======== Material provided ========

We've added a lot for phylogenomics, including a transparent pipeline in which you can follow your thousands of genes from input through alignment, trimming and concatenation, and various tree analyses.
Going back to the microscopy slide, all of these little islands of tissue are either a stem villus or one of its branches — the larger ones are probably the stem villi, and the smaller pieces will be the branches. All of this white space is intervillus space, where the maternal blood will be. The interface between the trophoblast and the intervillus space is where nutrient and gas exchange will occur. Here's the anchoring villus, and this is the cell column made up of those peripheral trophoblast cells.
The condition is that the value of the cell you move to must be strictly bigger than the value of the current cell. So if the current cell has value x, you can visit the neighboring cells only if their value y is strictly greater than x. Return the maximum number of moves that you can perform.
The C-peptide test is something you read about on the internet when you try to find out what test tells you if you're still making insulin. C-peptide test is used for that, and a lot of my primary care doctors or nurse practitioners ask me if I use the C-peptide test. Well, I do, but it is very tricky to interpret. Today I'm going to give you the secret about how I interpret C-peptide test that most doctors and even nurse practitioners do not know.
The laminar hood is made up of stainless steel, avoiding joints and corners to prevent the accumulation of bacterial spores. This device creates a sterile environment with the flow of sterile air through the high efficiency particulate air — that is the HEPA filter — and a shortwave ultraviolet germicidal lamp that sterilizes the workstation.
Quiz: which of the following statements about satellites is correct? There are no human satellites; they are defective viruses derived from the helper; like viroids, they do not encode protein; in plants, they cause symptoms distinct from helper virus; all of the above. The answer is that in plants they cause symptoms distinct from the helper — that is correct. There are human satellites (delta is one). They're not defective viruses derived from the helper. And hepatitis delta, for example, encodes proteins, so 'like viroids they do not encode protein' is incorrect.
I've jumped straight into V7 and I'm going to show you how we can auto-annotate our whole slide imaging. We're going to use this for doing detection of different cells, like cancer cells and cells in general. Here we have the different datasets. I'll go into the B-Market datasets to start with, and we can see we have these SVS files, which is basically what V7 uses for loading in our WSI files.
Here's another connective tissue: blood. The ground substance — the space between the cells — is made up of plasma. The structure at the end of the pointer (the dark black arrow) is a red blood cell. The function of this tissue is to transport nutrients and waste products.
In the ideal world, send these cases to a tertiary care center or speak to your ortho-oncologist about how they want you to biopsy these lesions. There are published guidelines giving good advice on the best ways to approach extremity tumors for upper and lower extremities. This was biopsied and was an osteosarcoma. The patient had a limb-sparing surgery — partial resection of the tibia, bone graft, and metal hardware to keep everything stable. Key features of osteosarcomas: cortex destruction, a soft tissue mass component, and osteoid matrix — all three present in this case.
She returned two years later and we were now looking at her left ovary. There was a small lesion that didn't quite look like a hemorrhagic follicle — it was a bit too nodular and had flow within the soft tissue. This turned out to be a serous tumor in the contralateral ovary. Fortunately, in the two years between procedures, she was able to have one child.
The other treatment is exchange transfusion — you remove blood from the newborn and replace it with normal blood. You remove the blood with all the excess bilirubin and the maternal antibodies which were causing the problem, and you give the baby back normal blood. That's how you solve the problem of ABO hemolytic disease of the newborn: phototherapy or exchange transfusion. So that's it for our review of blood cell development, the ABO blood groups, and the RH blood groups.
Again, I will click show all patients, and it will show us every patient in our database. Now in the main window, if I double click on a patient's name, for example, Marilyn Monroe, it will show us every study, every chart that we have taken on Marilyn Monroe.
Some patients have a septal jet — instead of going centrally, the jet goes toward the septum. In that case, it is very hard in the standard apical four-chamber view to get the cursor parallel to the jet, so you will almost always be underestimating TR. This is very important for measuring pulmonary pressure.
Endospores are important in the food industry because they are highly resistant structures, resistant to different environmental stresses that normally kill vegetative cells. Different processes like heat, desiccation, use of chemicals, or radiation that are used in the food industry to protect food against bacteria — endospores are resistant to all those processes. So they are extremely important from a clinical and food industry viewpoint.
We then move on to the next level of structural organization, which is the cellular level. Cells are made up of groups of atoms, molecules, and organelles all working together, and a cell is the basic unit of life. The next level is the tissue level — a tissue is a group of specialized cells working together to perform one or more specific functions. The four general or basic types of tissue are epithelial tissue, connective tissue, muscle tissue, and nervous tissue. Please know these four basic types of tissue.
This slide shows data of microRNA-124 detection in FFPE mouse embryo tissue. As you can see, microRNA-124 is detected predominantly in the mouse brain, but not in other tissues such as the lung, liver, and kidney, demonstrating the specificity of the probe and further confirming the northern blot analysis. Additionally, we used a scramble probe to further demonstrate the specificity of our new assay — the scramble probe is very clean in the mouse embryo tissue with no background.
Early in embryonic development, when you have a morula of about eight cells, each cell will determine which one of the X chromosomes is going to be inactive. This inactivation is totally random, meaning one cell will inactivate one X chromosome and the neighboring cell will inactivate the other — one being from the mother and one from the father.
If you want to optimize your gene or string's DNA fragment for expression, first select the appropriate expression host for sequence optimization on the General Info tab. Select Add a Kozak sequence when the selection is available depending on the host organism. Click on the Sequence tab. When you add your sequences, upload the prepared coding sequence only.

========

§ **Requirement**
The entries above are to be retyped exactly, with nothing left out.

§ **Result below**
We've added a lot for phylogenomics, including a transparent pipeline in which you can follow your thousands of genes from input through alignment, trimming and concatenation, and various tree analyses.
Going back to the microscopy slide, all of these little islands of tissue are either a stem villus or one of its branches — the larger ones are probably the stem villi, and the smaller pieces will be the branches. All of this white space is intervillus space, where the maternal blood will be. The interface between the trophoblast and the intervillus space is where nutrient and gas exchange will occur. Here's the anchoring villus, and this is the cell column made up of those peripheral trophoblast cells.
The condition is that the value of the cell you move to must be strictly bigger than the value of the current cell. So if the current cell has value x, you can visit the neighboring cells only if their value y is strictly greater than x. Return the maximum number of moves that you can perform.
The C-peptide test is something you read about on the internet when you try to find out what test tells you if you're still making insulin. C-peptide test is used for that, and a lot of my primary care doctors or nurse practitioners ask me if I use the C-peptide test. Well, I do, but it is very tricky to interpret. Today I'm going to give you the secret about how I interpret C-peptide test that most doctors and even nurse practitioners do not know.
The laminar hood is made up of stainless steel, avoiding joints and corners to prevent the accumulation of bacterial spores. This device creates a sterile environment with the flow of sterile air through the high efficiency particulate air — that is the HEPA filter — and a shortwave ultraviolet germicidal lamp that sterilizes the workstation.
Quiz: which of the following statements about satellites is correct? There are no human satellites; they are defective viruses derived from the helper; like viroids, they do not encode protein; in plants, they cause symptoms distinct from helper virus; all of the above. The answer is that in plants they cause symptoms distinct from the helper — that is correct. There are human satellites (delta is one). They're not defective viruses derived from the helper. And hepatitis delta, for example, encodes proteins, so 'like viroids they do not encode protein' is incorrect.
I've jumped straight into V7 and I'm going to show you how we can auto-annotate our whole slide imaging. We're going to use this for doing detection of different cells, like cancer cells and cells in general. Here we have the different datasets. I'll go into the B-Market datasets to start with, and we can see we have these SVS files, which is basically what V7 uses for loading in our WSI files.
Here's another connective tissue: blood. The ground substance — the space between the cells — is made up of plasma. The structure at the end of the pointer (the dark black arrow) is a red blood cell. The function of this tissue is to transport nutrients and waste products.
In the ideal world, send these cases to a tertiary care center or speak to your ortho-oncologist about how they want you to biopsy these lesions. There are published guidelines giving good advice on the best ways to approach extremity tumors for upper and lower extremities. This was biopsied and was an osteosarcoma. The patient had a limb-sparing surgery — partial resection of the tibia, bone graft, and metal hardware to keep everything stable. Key features of osteosarcomas: cortex destruction, a soft tissue mass component, and osteoid matrix — all three present in this case.
She returned two years later and we were now looking at her left ovary. There was a small lesion that didn't quite look like a hemorrhagic follicle — it was a bit too nodular and had flow within the soft tissue. This turned out to be a serous tumor in the contralateral ovary. Fortunately, in the two years between procedures, she was able to have one child.
The other treatment is exchange transfusion — you remove blood from the newborn and replace it with normal blood. You remove the blood with all the excess bilirubin and the maternal antibodies which were causing the problem, and you give the baby back normal blood. That's how you solve the problem of ABO hemolytic disease of the newborn: phototherapy or exchange transfusion. So that's it for our review of blood cell development, the ABO blood groups, and the RH blood groups.
Again, I will click show all patients, and it will show us every patient in our database. Now in the main window, if I double click on a patient's name, for example, Marilyn Monroe, it will show us every study, every chart that we have taken on Marilyn Monroe.
Some patients have a septal jet — instead of going centrally, the jet goes toward the septum. In that case, it is very hard in the standard apical four-chamber view to get the cursor parallel to the jet, so you will almost always be underestimating TR. This is very important for measuring pulmonary pressure.
Endospores are important in the food industry because they are highly resistant structures, resistant to different environmental stresses that normally kill vegetative cells. Different processes like heat, desiccation, use of chemicals, or radiation that are used in the food industry to protect food against bacteria — endospores are resistant to all those processes. So they are extremely important from a clinical and food industry viewpoint.
We then move on to the next level of structural organization, which is the cellular level. Cells are made up of groups of atoms, molecules, and organelles all working together, and a cell is the basic unit of life. The next level is the tissue level — a tissue is a group of specialized cells working together to perform one or more specific functions. The four general or basic types of tissue are epithelial tissue, connective tissue, muscle tissue, and nervous tissue. Please know these four basic types of tissue.
This slide shows data of microRNA-124 detection in FFPE mouse embryo tissue. As you can see, microRNA-124 is detected predominantly in the mouse brain, but not in other tissues such as the lung, liver, and kidney, demonstrating the specificity of the probe and further confirming the northern blot analysis. Additionally, we used a scramble probe to further demonstrate the specificity of our new assay — the scramble probe is very clean in the mouse embryo tissue with no background.
Early in embryonic development, when you have a morula of about eight cells, each cell will determine which one of the X chromosomes is going to be inactive. This inactivation is totally random, meaning one cell will inactivate one X chromosome and the neighboring cell will inactivate the other — one being from the mother and one from the father.
If you want to optimize your gene or string's DNA fragment for expression, first select the appropriate expression host for sequence optimization on the General Info tab. Select Add a Kozak sequence when the selection is available depending on the host organism. Click on the Sequence tab. When you add your sequences, upload the prepared coding sequence only.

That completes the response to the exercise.